We’ve had to turn away quite a few people.
There was a party of six members of the Jericho Tentmakers Association,
a dozen or more from the Capernaum Carpet Cleaning Company and a family
who’d traveled all the way from Tyre. They were exhausted!
Had to suggest they go elsewhere. Fully booked - over-booked in fact.
That’s the hotel business for you. One week you’ve got ten
guests rattling round the place, and the next you’re heaving and
having to send people up the road to the Jolly Rabbi or over the bridge
to Goliath’s Head or out by the river at The Red Lion of Judah.
I don’t feel right about sending anyone to the Pig & Whistle
- at least, not Jewish folks.
Take that family that turned up unannounced at about 9 o’clock.

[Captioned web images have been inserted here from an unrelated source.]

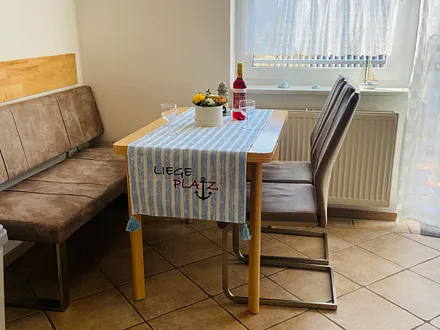 Essecke mit komplett ausgestatteter Küchenzeile (z.B. Backofen, Geschirrspüler, Mikrowelle, Kühlschrank mit Gefrierfach, Geschirr usw.)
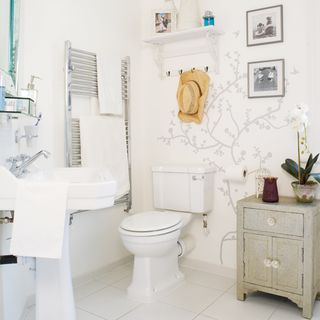 white bathroom with cupboard and washbasin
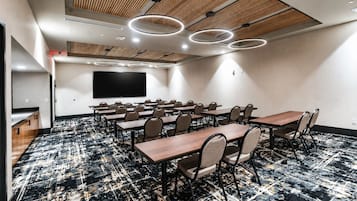 Un salón de conferencias con una pantalla plana grande, varias mesas y sillas.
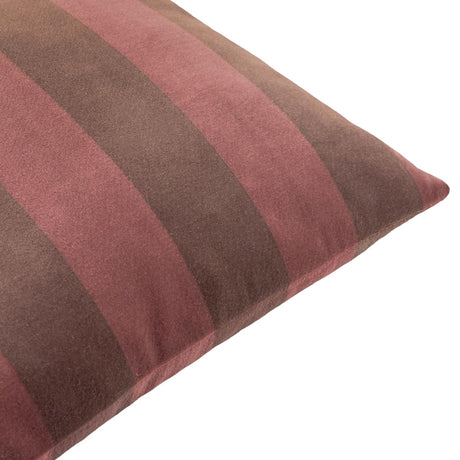 Close-up of The Ultimate Stripe Jacquard Velvet Cushion in red velvet, showing bold vertical stripes in dusky rose and deep cocoa brown with a piped edge, on a white background.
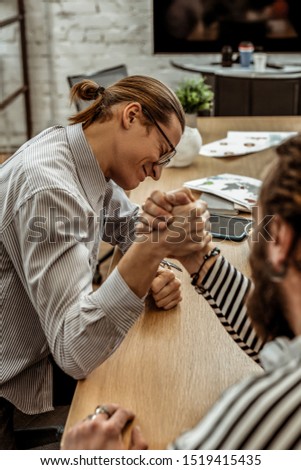 Do your best. Cheerful male person pressing his eyes while doing arm-wrestling with his colleague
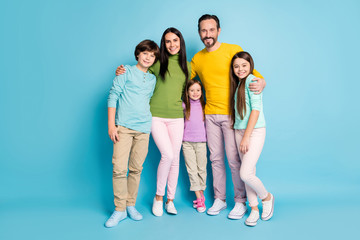 Fototapeta premium Full length body size view of nice attractive lovely charming ideal cheerful cheery family pre-teen kids mom dad embracing isolated on bright vivid shine vibrant blue color background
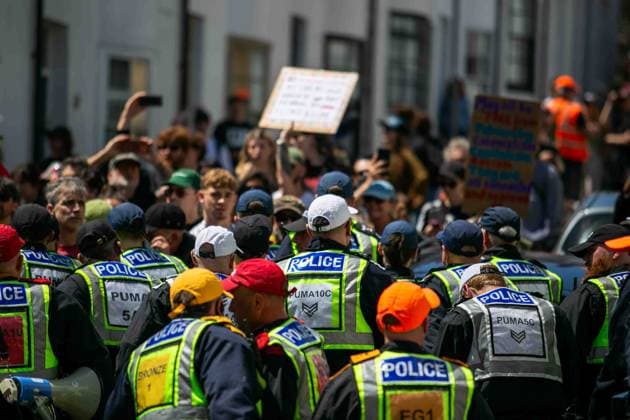 June 13, 2026, Brighton, UK: Brighton, UK. 13 June 2026. Police officers during an anti-immigration protest in the city centre of Brighton. The South East Patriots group hold a march through the centre of Brighton, with about twenty groups under the banner the Carnival Against Fascism organising a counter protest. Police officers kept the two groups apart as tensions were running high. South East Patriots claimed the protest was to demand stronger border control, enforcement of immigration laws, and the deportation of illegal immigrants, with the counter protest groups expressing their resistance against the far right as well as to any form of fascism and racism Brighton UK - ZUMAd99_ 20260613_zap_d99_106 Copyright: xMattxDuckettx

The man begged me for a place to stay since his wife (or so her called
her) was about to give birth. I took pity on him in the end and sorted
out a Z-bed for them in the garage. I knew they would be okay in the Assistant
Manager’s parking bay, because he’s had to go to Kadesh-Barnea
to register for the census himself.
I looked in on the couple a few minutes ago, and she was right in the
middle of giving birth! I quickly phoned for a midwife, and left them
to it. I couldn’t get involved, you know, because it would have
taken too much time, and that’s something of which I’ve got
not a lot.
So I went back to the kitchen and helped the junior chefs get the veg
into the right serving bowls. It took the best part of half an hour, because
some of the waiters were distracted when there was some sort of a light
in the sky - I bet it was a weather balloon or a low-flying aircraft,
and not a UFO, as they claimed. No sooner had I got back to reception,
than a party of yokels arrived from the hill region, some carrying lambs
and hymn-sheets.
I told them there was no room for them, but they insisted they were there
to visit one of the guests. I checked the names they gave me (J Davidson-Carpenter,
Marie de Nazareth, and JCS O’God, but none of those names were on
our computer. They started going on about a star, but the only celebrities
in the place were the Magdalen sisters, who had been hired to do a kissogram
act later in the evening.
It finally occurred to me that they might be looking for the people in
the garage, and when I showed them in, I was right.
I didn’t go in myself: it didn’t seem right to bother the
girl after she’d just given birth in a garage and had to lay the
baby in a tool box, because there was no room for them in my inn.